Sob sua capa, o agronegócio quer concentrar a totalidade da produção dos alimentos em nosso país. Mas, na realidade, quem coloca a comida na mesa do povo brasileiro é a agricultura camponesa e familiar, responsável pela produção de 87% da mandioca, 70% do feijão, 46% do milho, 38% do café, 58% do leite, 59% dos suínos e 50% das aves.

O agronegócio quer se fazer passar também como responsável pela geração dos empregos no campo. Os dados do Censo agropecuário desmentem este discurso. Mostram que 74,4% do pessoal ocupado no campo vive nas pequenas propriedades, são 12 milhões e trezentas mil pessoas. Só 25,6% é empregado nas grandes propriedades, quatro milhões e duzentas mil pessoas. Na agricultura camponesa, em cada 100 hectares, trabalham 15 pessoas. No agronegócio, cada 100 hectares empregam apenas duas pessoas.

Diante desta realidade, algumas medidas teriam de ser tomadas com urgência.

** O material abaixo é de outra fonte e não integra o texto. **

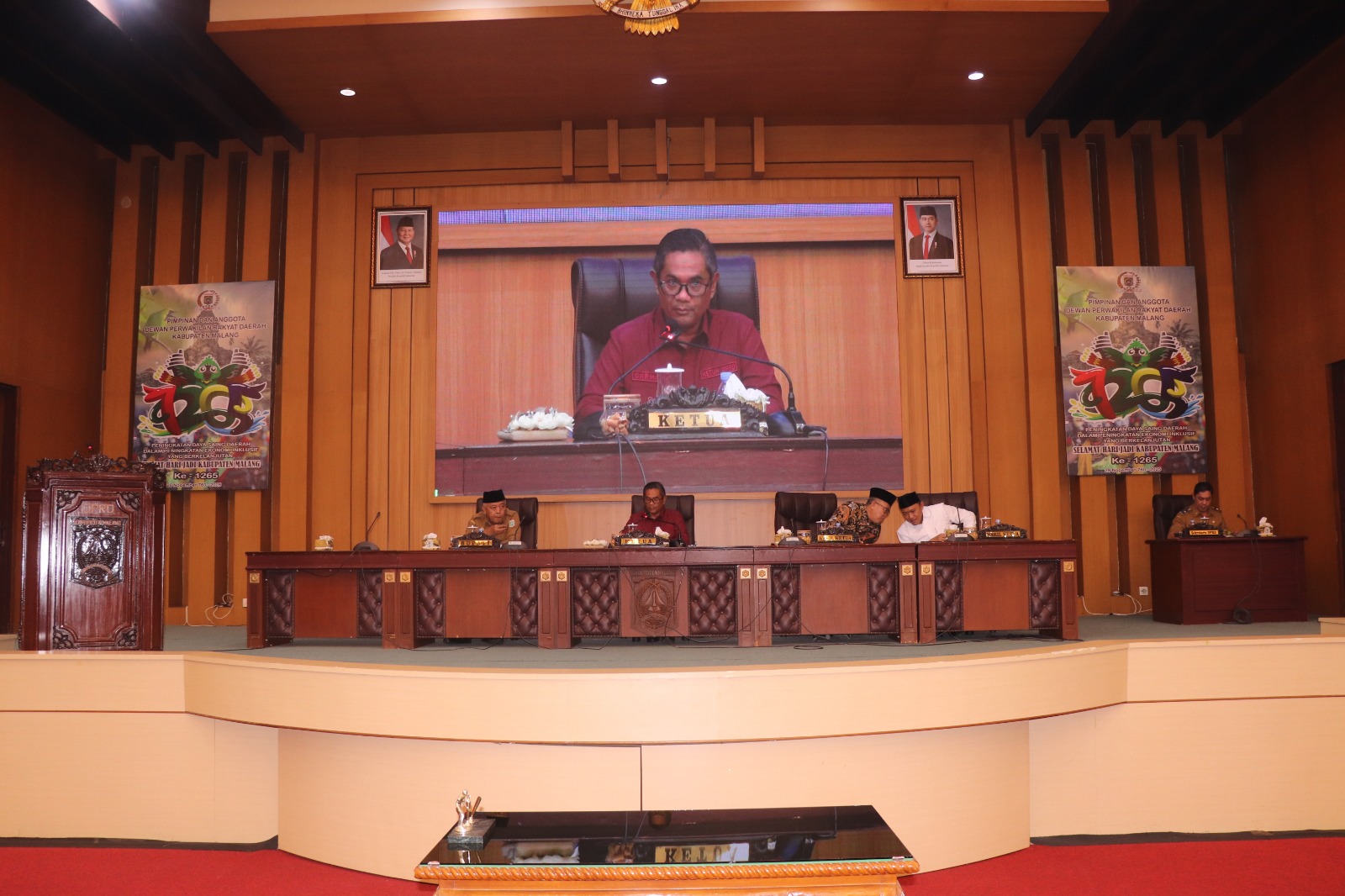 RAPAT: DPRD Kabupaten Malang saat ini tengah menuntaskan pembahasan Rancangan Peraturan Daerah (Raperda) tentang Penyerahan PSU pada perumahan dan kawasan permukiman.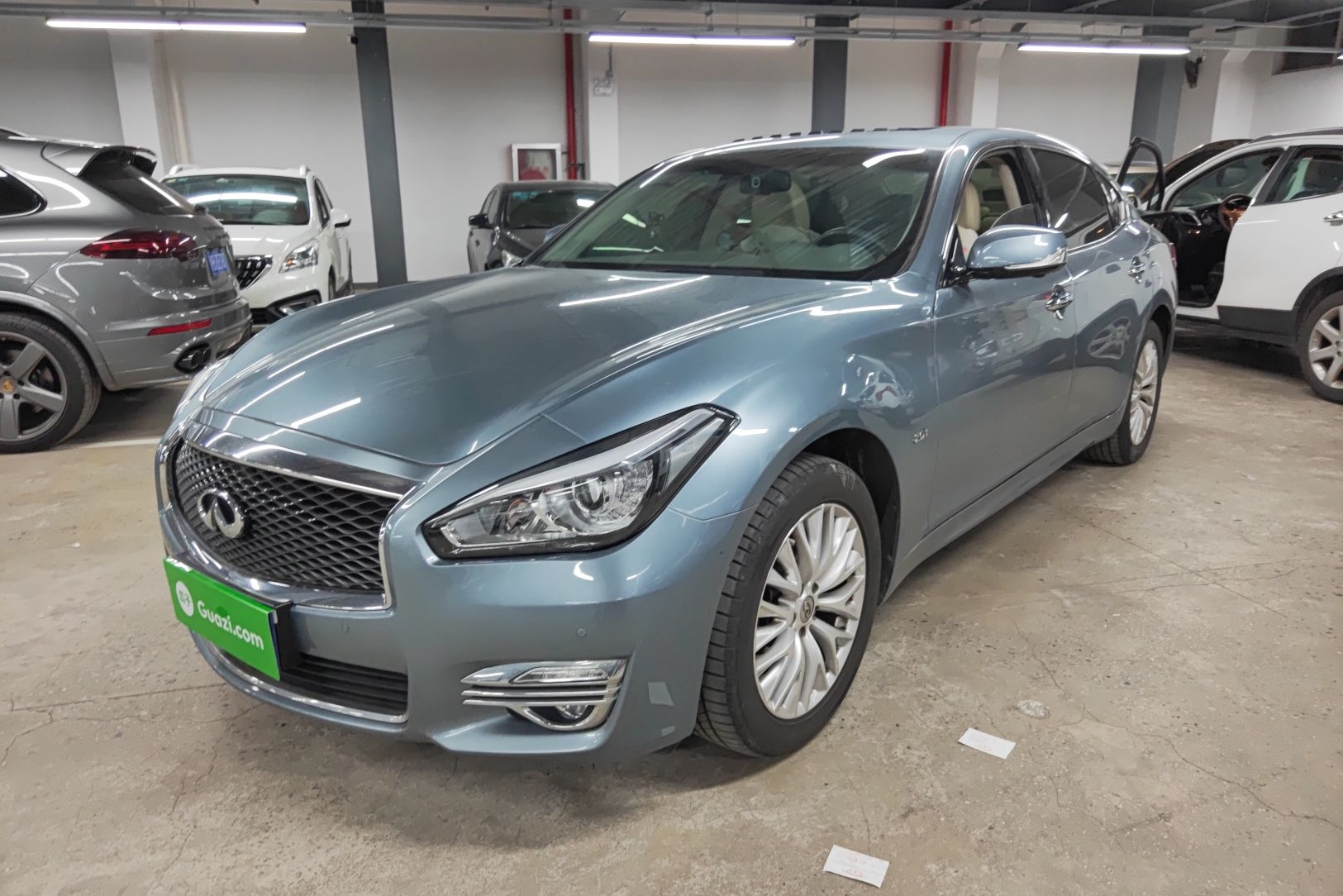 英菲尼迪Q70L 2019款 Q70L 2.0T 精英版 PLUS(进口)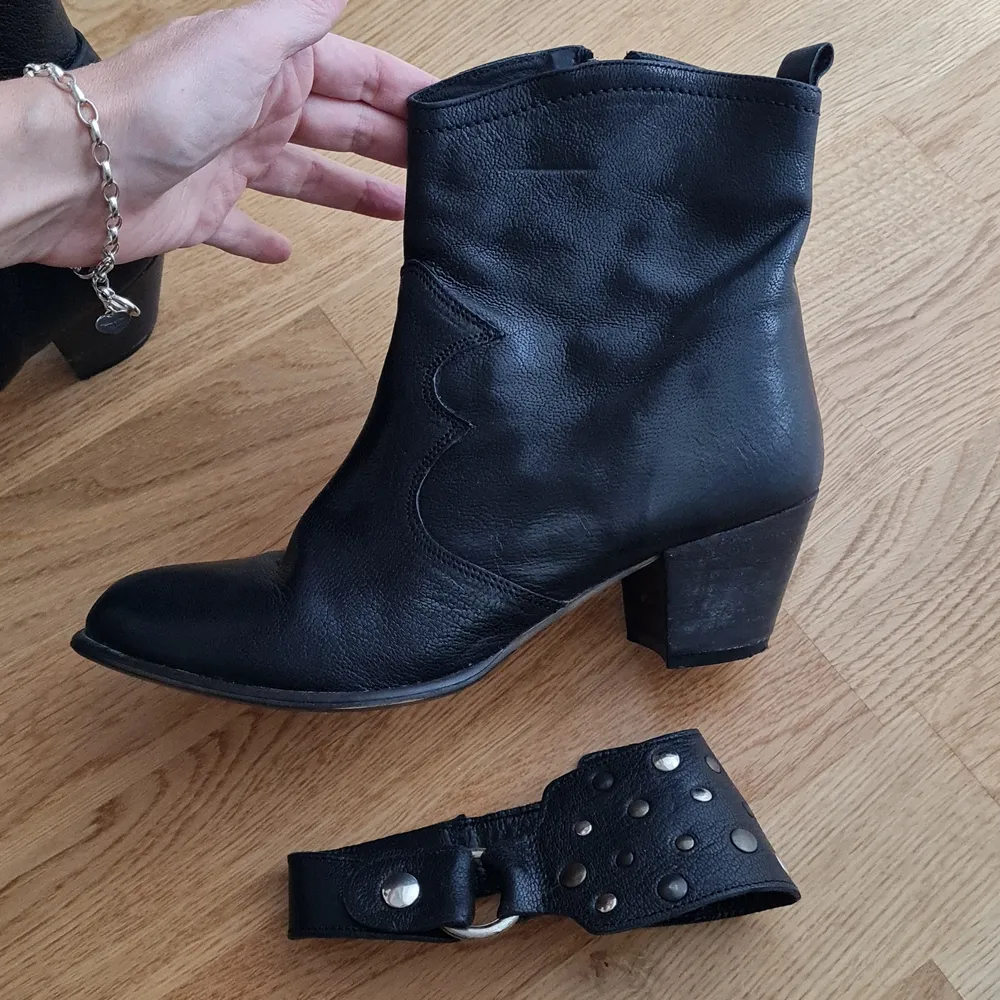 Boots with removal details bought in Paris. Size 40 but I normally wear a size 39. Skor.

Não se pode protelar mais a realização de uma profunda Reforma Agrária em nosso país, entendida como a reconquista dos territórios camponeses violentamente tomados pela colonização e pelo avanço do capital e a conquista de novos territórios, respeitando a diversidade, a cultura, a religiosidade, as etnias dos povos dos diferentes biomas brasileiros. A terra tem que ser daqueles e daquelas que nela vivem e trabalham, para que eles e elas possam se reapropriar da natureza e decidir, com autonomia e respeito, sobre os seus territórios.

A demarcação dos territórios indígenas, quilombolas e de áreas comunitárias como as de “fundo de pasto” e faxinais, deve ser feita sem mais delongas para garantir que os direitos destas comunidades sejam assegurados, conforme determina a Constituição Brasileira. Ao mesmo tempo, deve-se garantir às comunidades de ribeirinhos o uso e usufruto dos lagos comunitários na Amazônia, impedindo a pesca comercial predatória em suas águas e aos pescadores no litoral o uso e usufruto dos mangues, garantindo a preservação da biodiversidade ali existente.

Para garantir o acesso à terra aos povos e comunidades que vivem da terra, e a centenas de milhares de famílias camponesas sem terra é necessário estabelecer um limite para a propriedade da terra. Com isso se democratizará o acesso a terra, combater-se-á a grilagem e as famílias sem terra serão assentadas, trazendo um sopro de esperança para quem vive acampado à beira de estradas em condições insalubres e humilhantes.

Por isso, nós reafirmamos: Viva a luta pela Reforma Agrária! Lutar não é crime!